## The problem
Give an exact copy of the data that follows, but none of its pictures.

## Available data

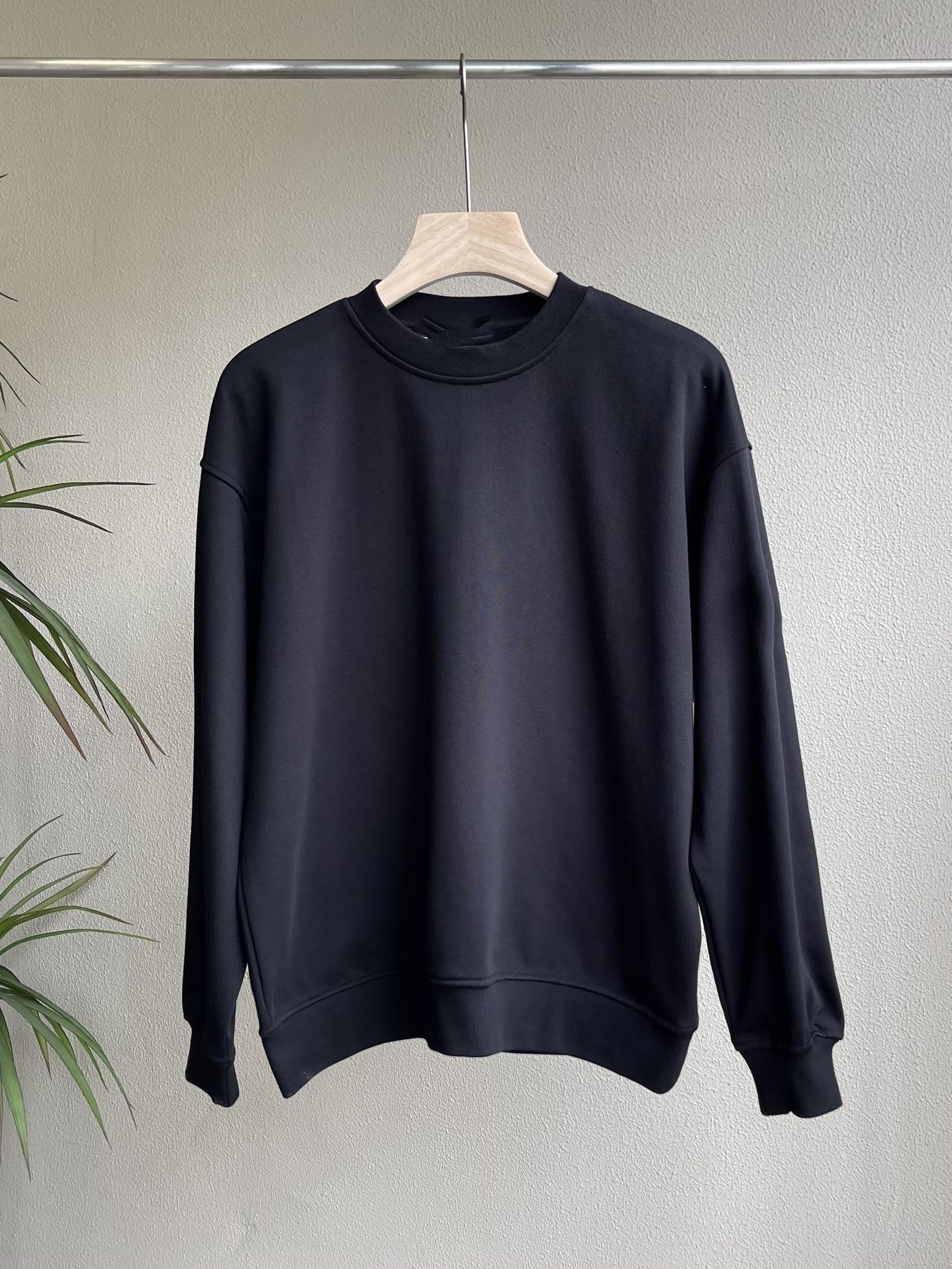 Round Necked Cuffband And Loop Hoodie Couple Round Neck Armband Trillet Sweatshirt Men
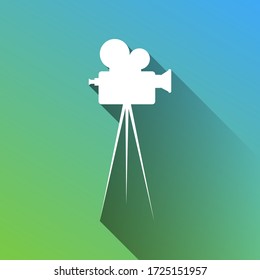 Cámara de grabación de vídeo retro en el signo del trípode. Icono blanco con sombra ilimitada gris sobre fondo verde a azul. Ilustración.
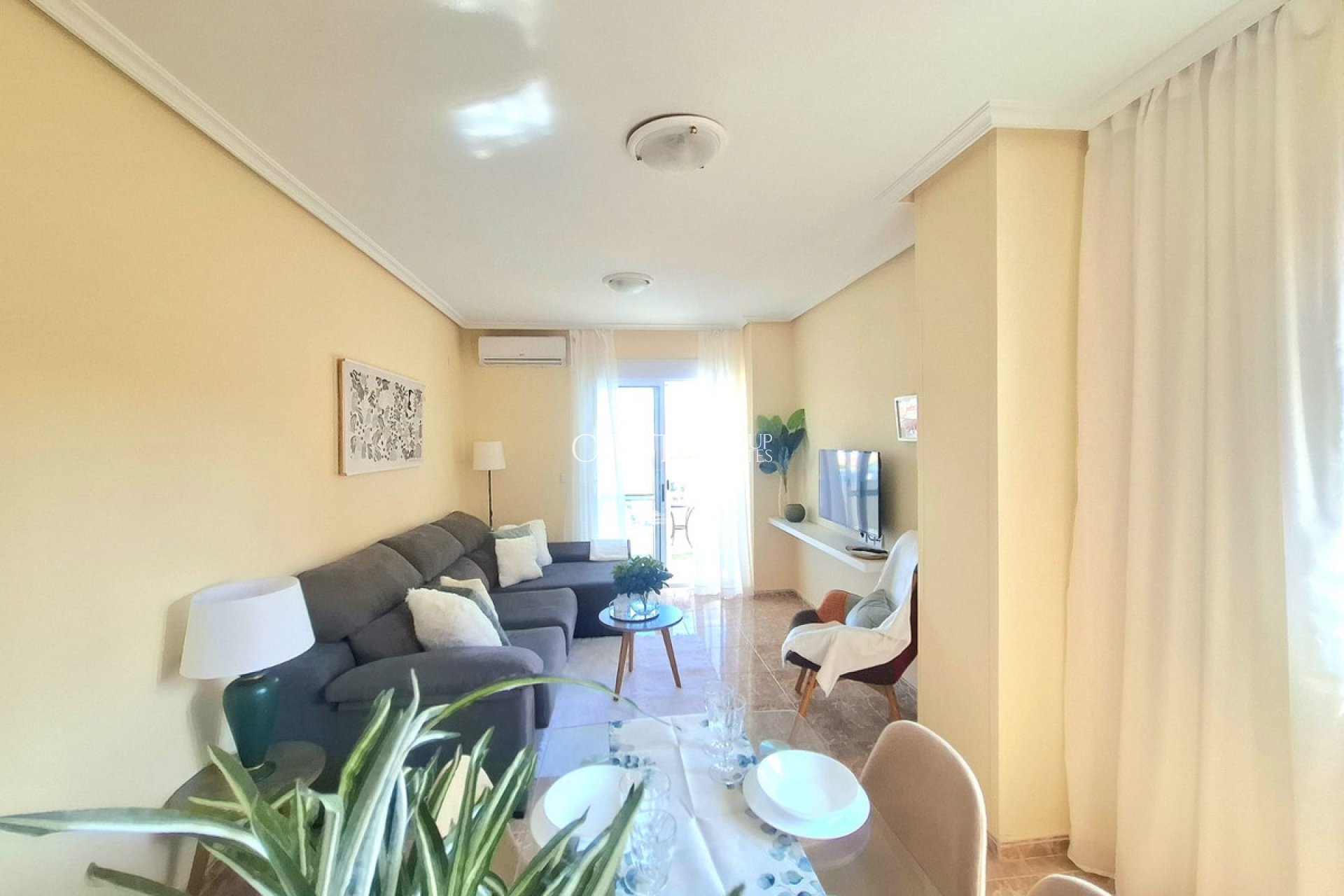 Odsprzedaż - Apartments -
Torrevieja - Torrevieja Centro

## Reply
 Round Necked Cuffband And Loop Hoodie Couple Round Neck Armband Trillet Sweatshirt Men
 Cámara de grabación de vídeo retro en el signo del trípode. Icono blanco con sombra ilimitada gris sobre fondo verde a azul. Ilustración.
 Odsprzedaż - Apartments -
Torrevieja - Torrevieja Centro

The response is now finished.